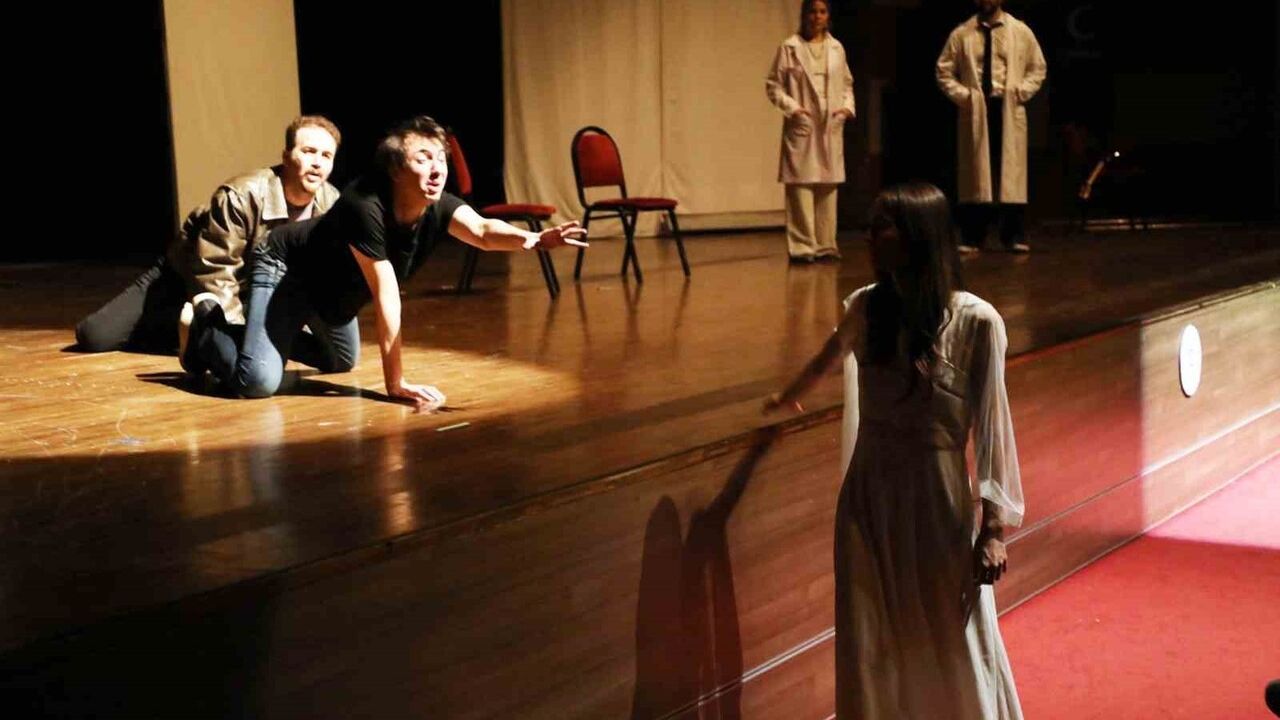 Muğla'da 'Umut' tiyatrosu madde bağımlılığına ışık tuttu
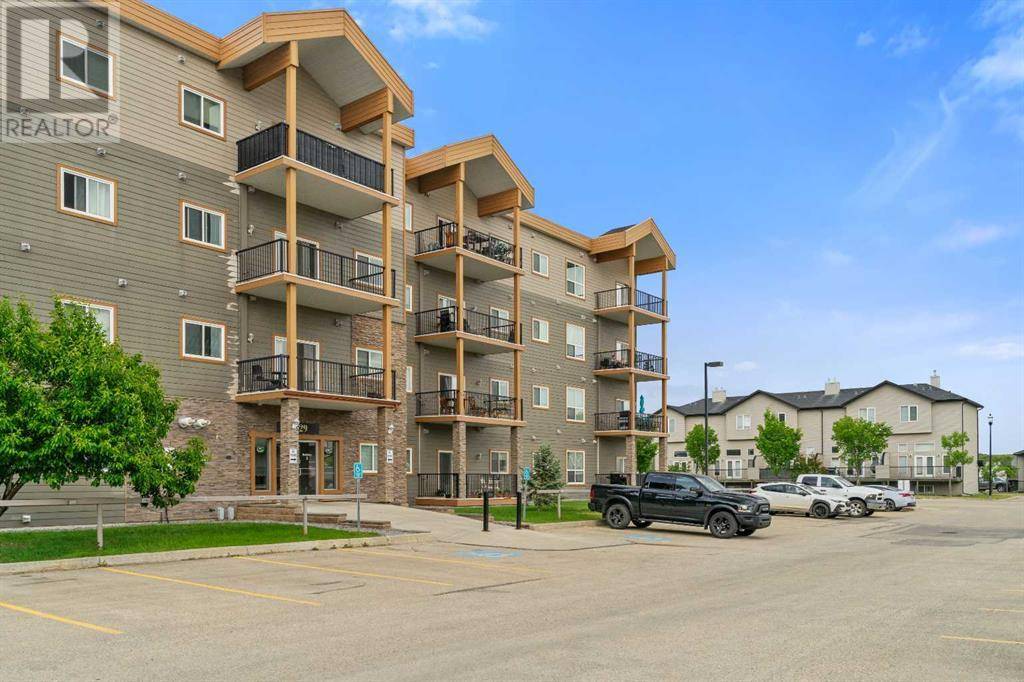 Grande Prairie, AB T8X0B8,407, 9229 Lakeland Drive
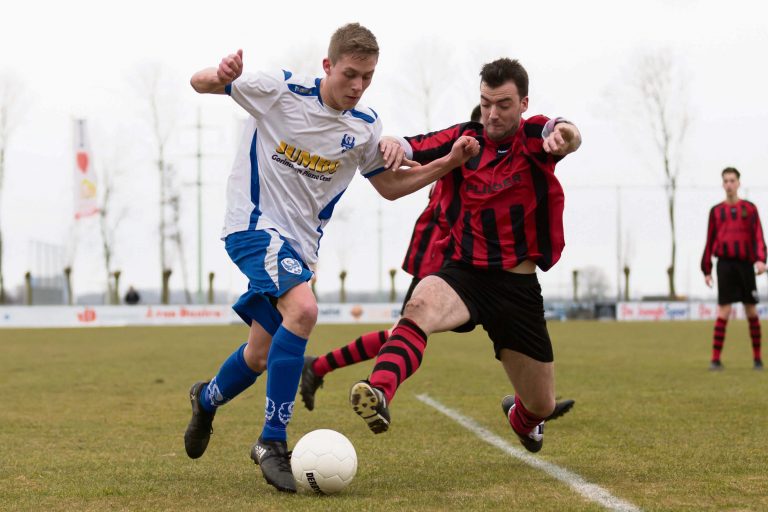 Ruwaard lonkt met Arkel naar de derde klasse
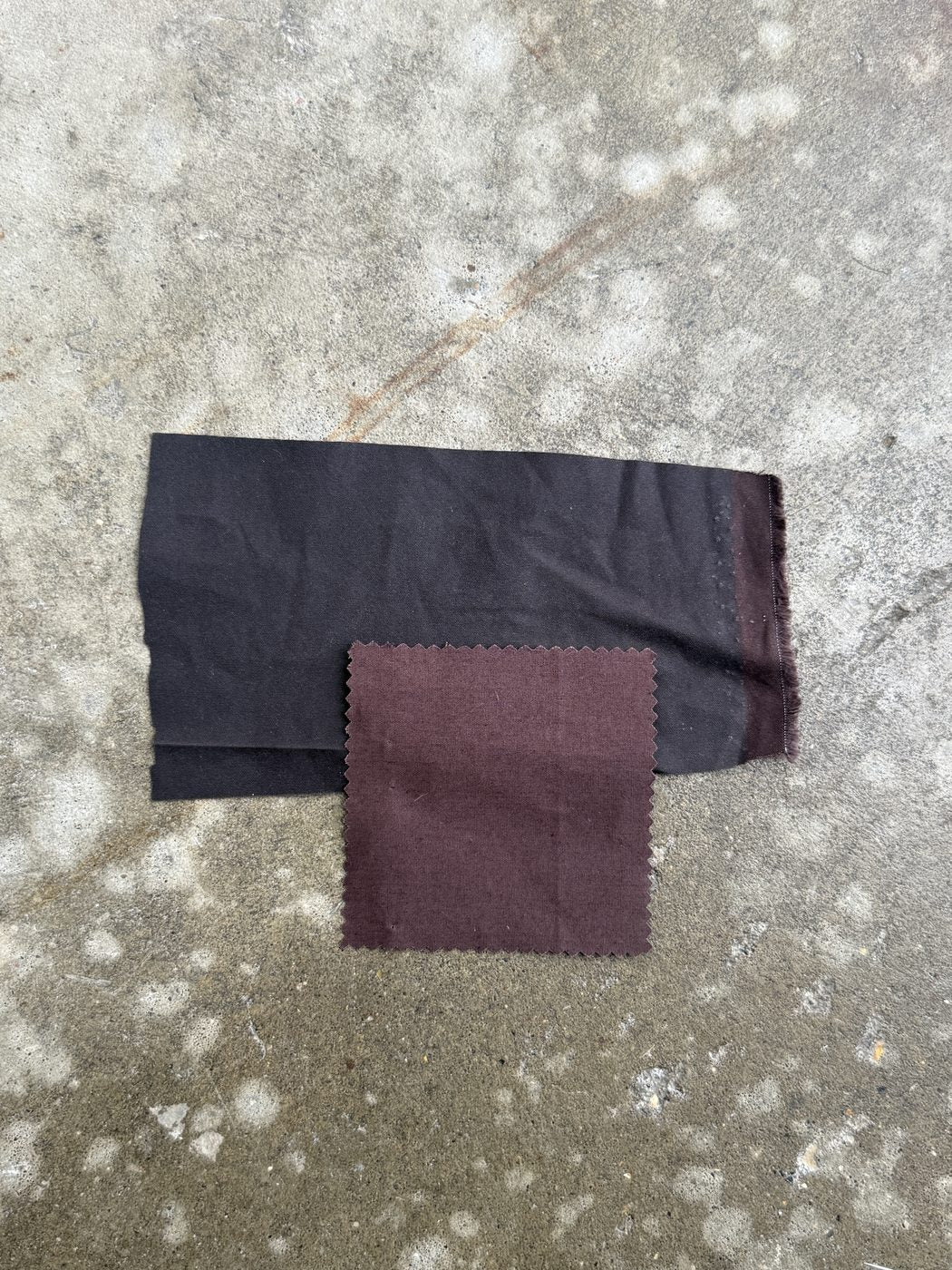 Dark outer fabric with a plum-coloured swatch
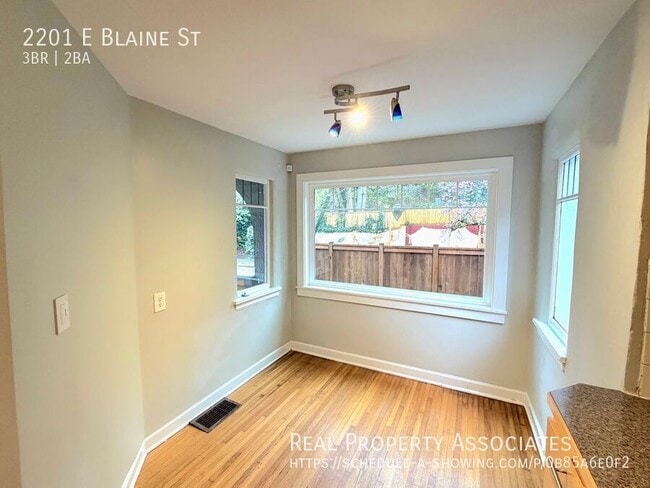 Building Photo - 2201 E Blaine St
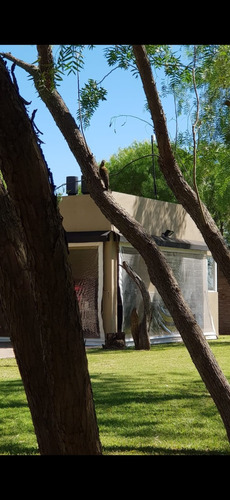 Hermosa Casa Quinta. Inmejorable Entorno. Barrio Super Tranquilo 15 Min Del Centro. Consultas Al 3435203070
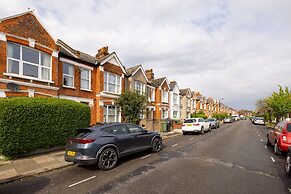 2 Bed Garden Flat in Balham
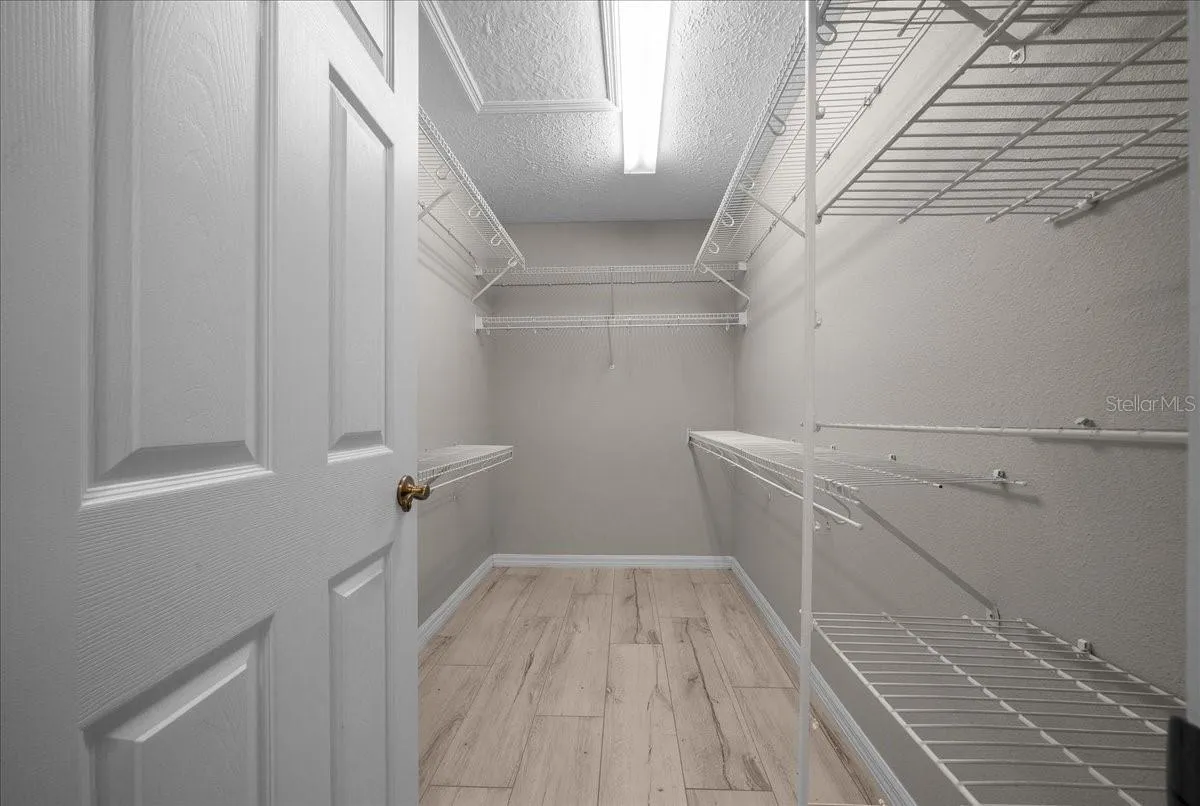 Primary walkin closet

※ ※ ※

=== What is expected ===
What do the lines above say from the line containing "Building Photo - 2201 E Blaine St" through the last line? Quote them exactly, both ends included, and leave out the pictures.

=== Task output ===
 Building Photo - 2201 E Blaine St
 Hermosa Casa Quinta. Inmejorable Entorno. Barrio Super Tranquilo 15 Min Del Centro. Consultas Al 3435203070
 2 Bed Garden Flat in Balham
 Primary walkin closet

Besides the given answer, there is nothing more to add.